* **Exercise brief**: All lines below starting at the one that holds "病变膝关节模型退行性关节人体膝关节功能模型半月板交叉韧带髌骨" and ending at the one that holds "Bakterienkolonie in der" should be printed exactly, ends included. Pictures should not be printed, nor anything else.

* **Input data**:
== Segment start ==

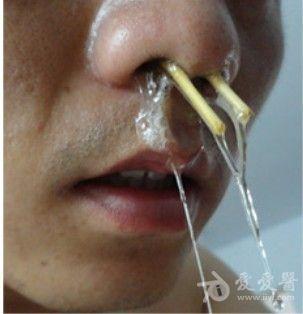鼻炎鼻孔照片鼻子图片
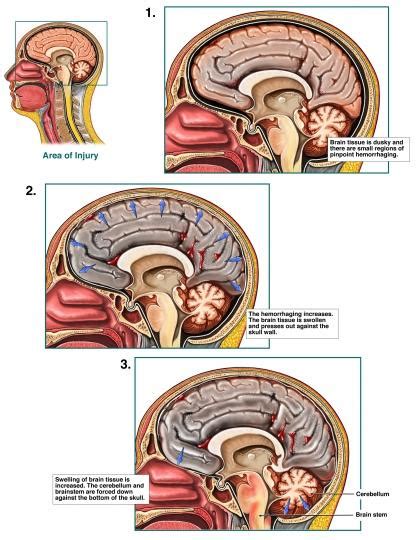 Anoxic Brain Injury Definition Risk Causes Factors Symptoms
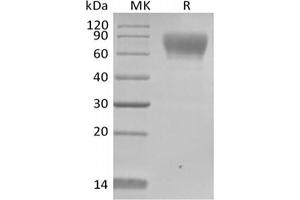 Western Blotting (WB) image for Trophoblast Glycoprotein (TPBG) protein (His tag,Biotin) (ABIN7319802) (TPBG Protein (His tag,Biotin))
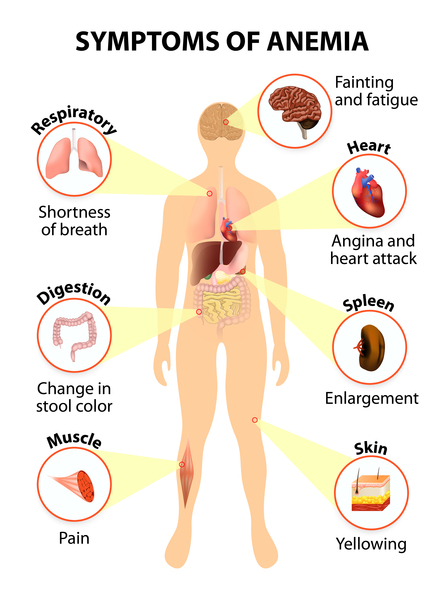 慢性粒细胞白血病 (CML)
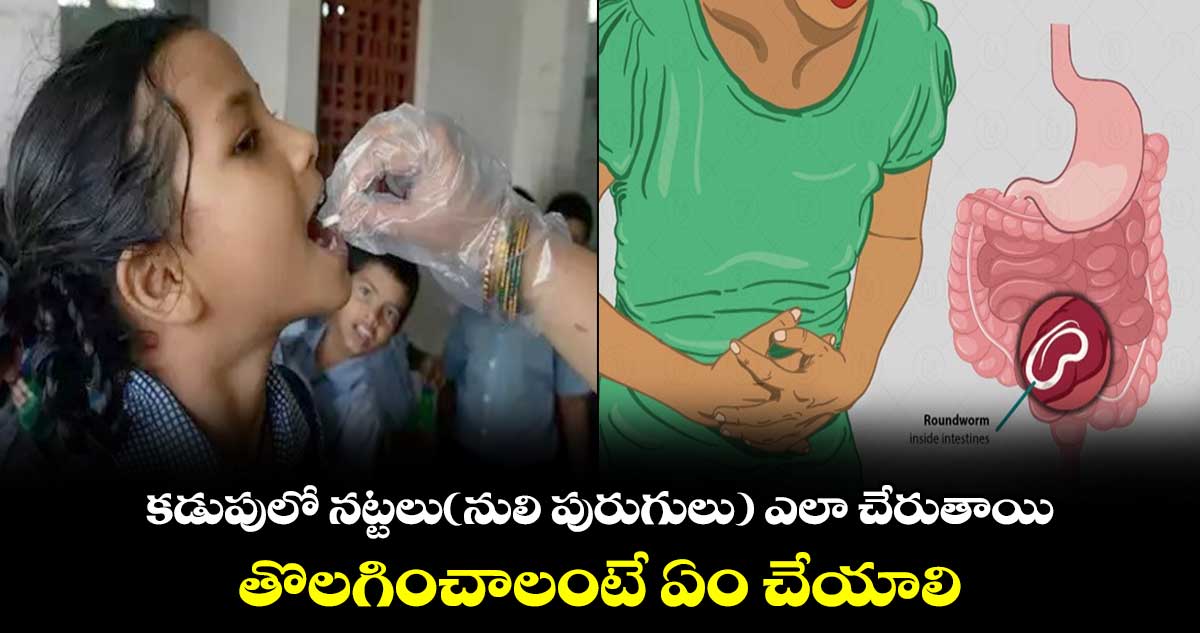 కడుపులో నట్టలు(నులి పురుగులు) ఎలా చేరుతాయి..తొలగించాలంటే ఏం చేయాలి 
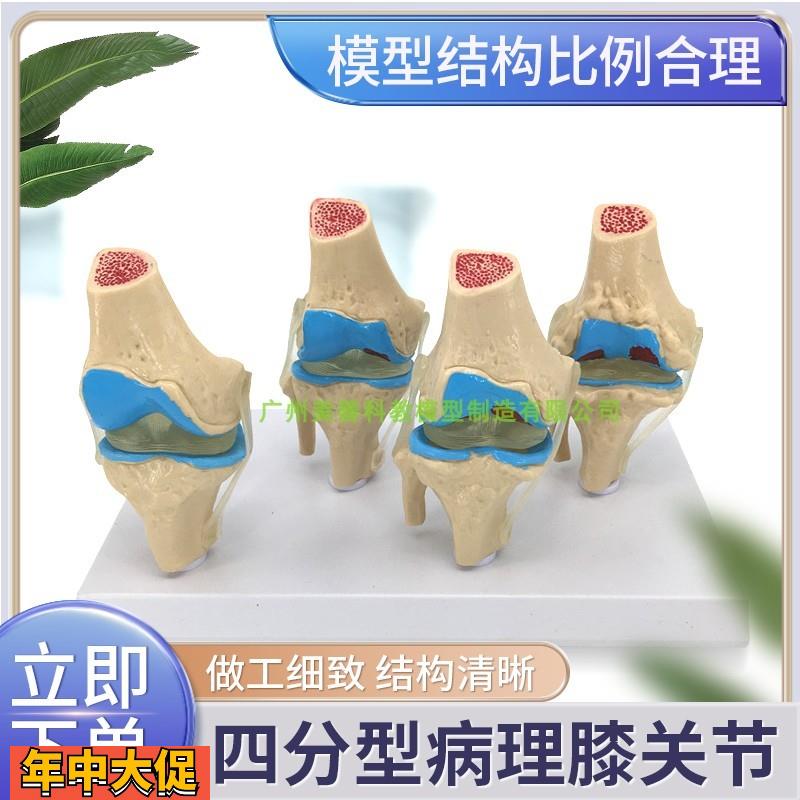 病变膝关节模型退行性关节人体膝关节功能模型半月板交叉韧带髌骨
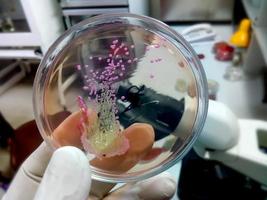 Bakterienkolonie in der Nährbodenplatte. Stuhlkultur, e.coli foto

== Segment end ==
== Segment start ==

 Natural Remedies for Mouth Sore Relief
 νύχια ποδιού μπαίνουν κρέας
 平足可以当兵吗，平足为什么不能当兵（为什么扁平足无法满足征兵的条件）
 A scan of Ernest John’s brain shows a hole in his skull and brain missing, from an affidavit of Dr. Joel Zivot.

== Segment end ==

* **Exercise answer**:
 病变膝关节模型退行性关节人体膝关节功能模型半月板交叉韧带髌骨
 Bakterienkolonie in der Nährbodenplatte. Stuhlkultur, e.coli foto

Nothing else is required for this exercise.